PROBLEM REQUIREMENTS. Word for word, repeat the data that follows. Do not include the pictures.

GIVEN INFORMATION.
════════

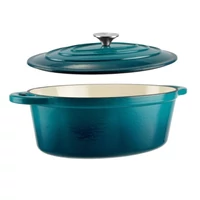 Türkizkék zománcos öntöttvas kacsasütő 30 cm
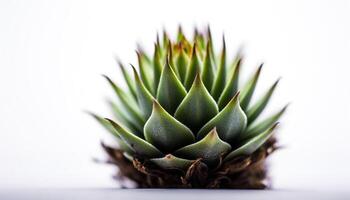 Sharp thorns adorn succulent plant in fresh, green growth generated by AI photo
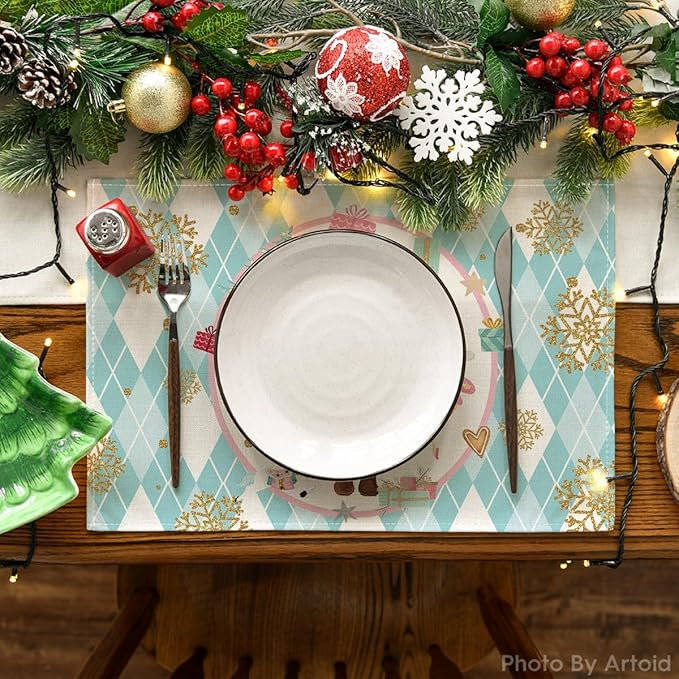 Blue Diamond Plaid Nutcracker Christmas Placemats Set of 4, 12x18 Inch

════════

RESPONSE FOR THIS EXERCISE.
 Türkizkék zománcos öntöttvas kacsasütő 30 cm
 Sharp thorns adorn succulent plant in fresh, green growth generated by AI photo
 Blue Diamond Plaid Nutcracker Christmas Placemats Set of 4, 12x18 Inch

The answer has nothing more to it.